START Material supplied

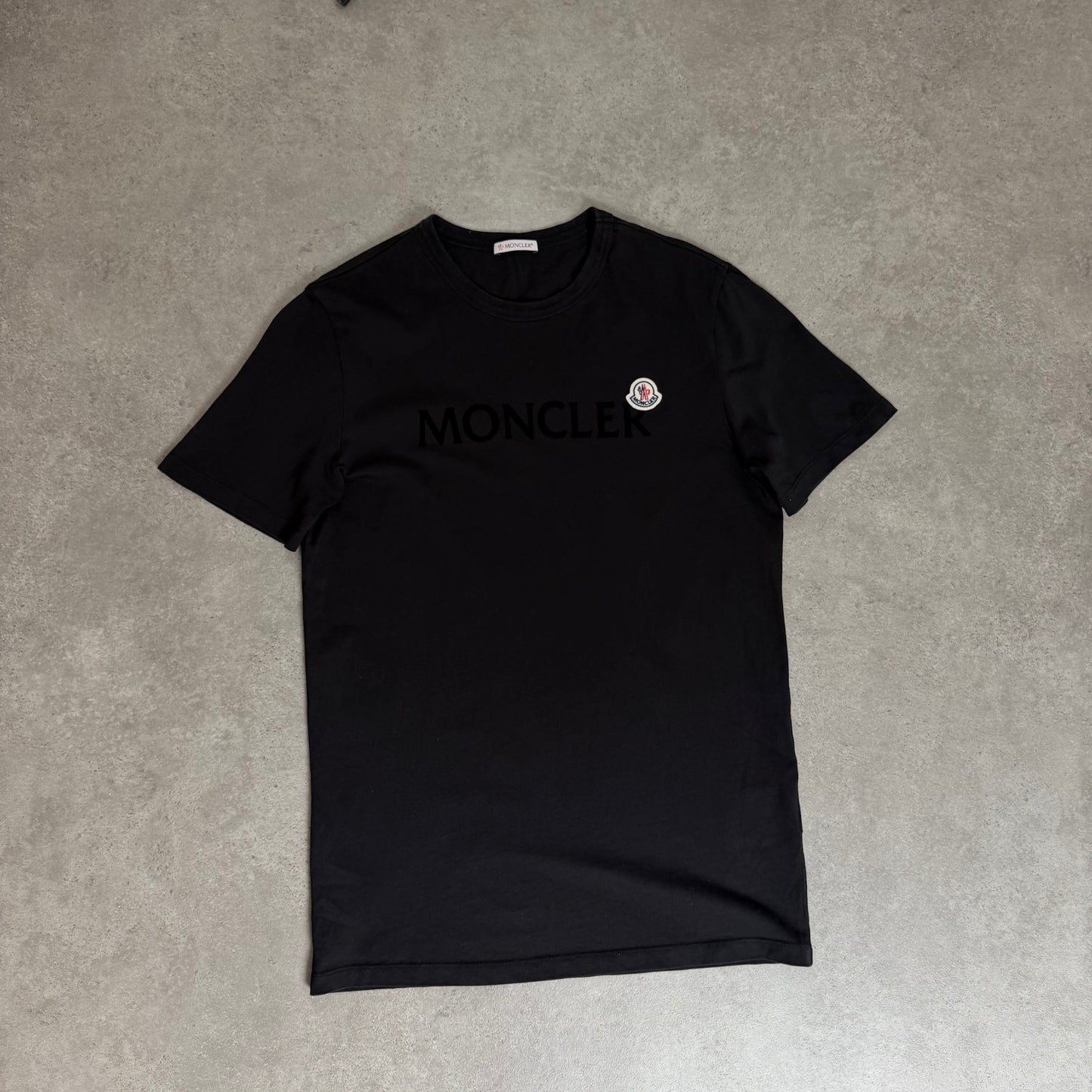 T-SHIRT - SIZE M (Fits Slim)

END Material supplied
START Material supplied

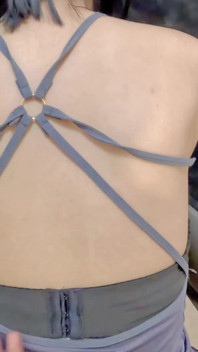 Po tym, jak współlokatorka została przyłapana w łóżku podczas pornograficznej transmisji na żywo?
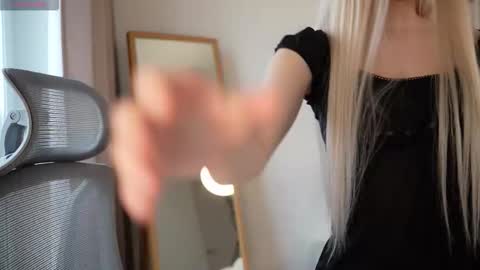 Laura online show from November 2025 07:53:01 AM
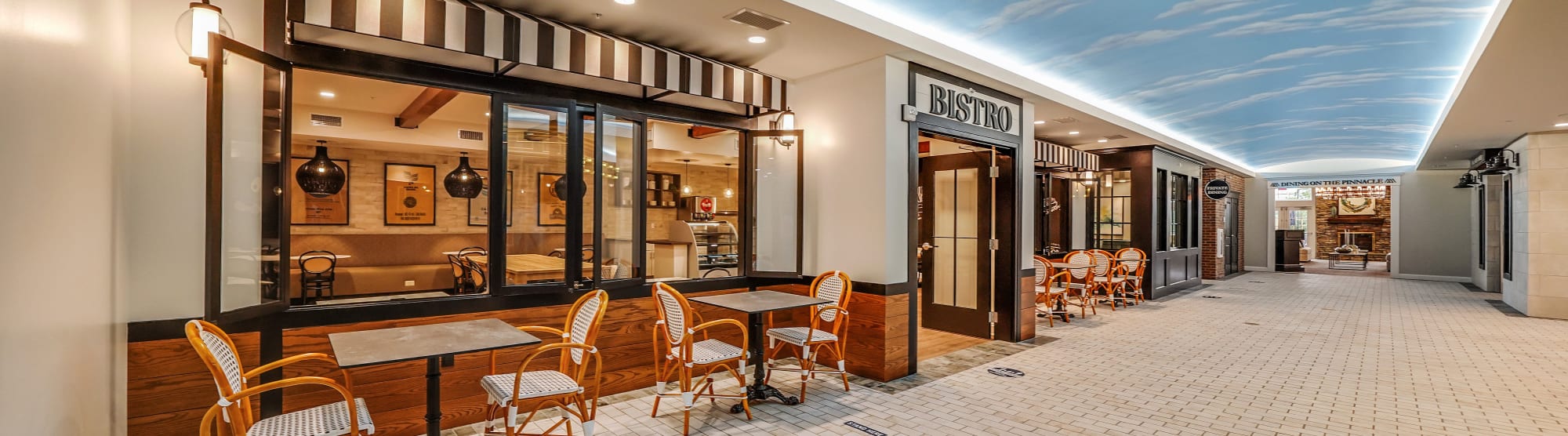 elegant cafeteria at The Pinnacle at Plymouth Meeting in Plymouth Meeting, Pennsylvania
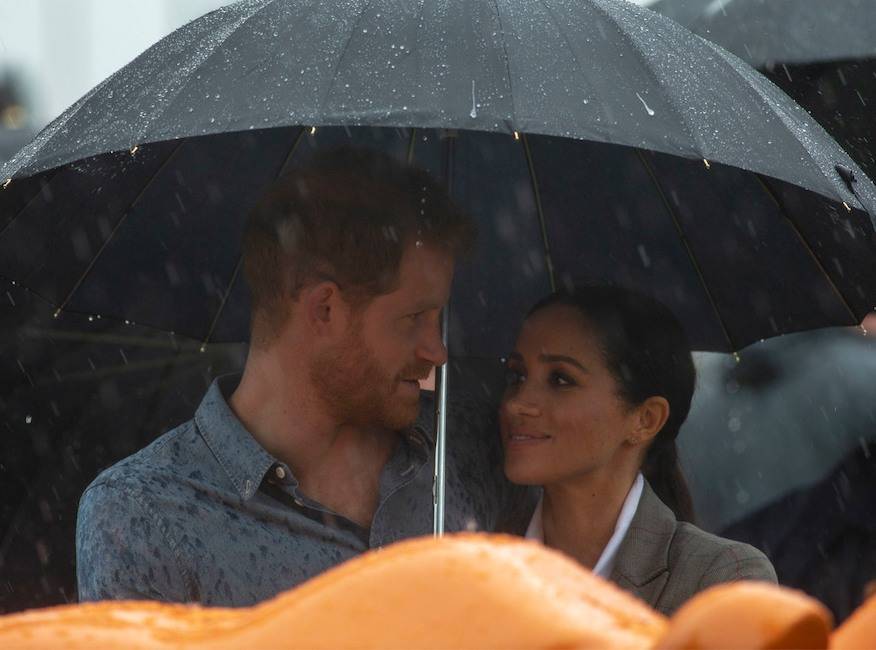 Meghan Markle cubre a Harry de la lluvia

END Material supplied

Task instructions =
In the listing above, find the line with "Po tym, jak" and the line with "Meghan Markle cubre a Harry de la lluvia". Copy exactly those two and every line between, without the pictures.

Solution to this exercise =
 Po tym, jak współlokatorka została przyłapana w łóżku podczas pornograficznej transmisji na żywo?
 Laura online show from November 2025 07:53:01 AM
 elegant cafeteria at The Pinnacle at Plymouth Meeting in Plymouth Meeting, Pennsylvania
 Meghan Markle cubre a Harry de la lluvia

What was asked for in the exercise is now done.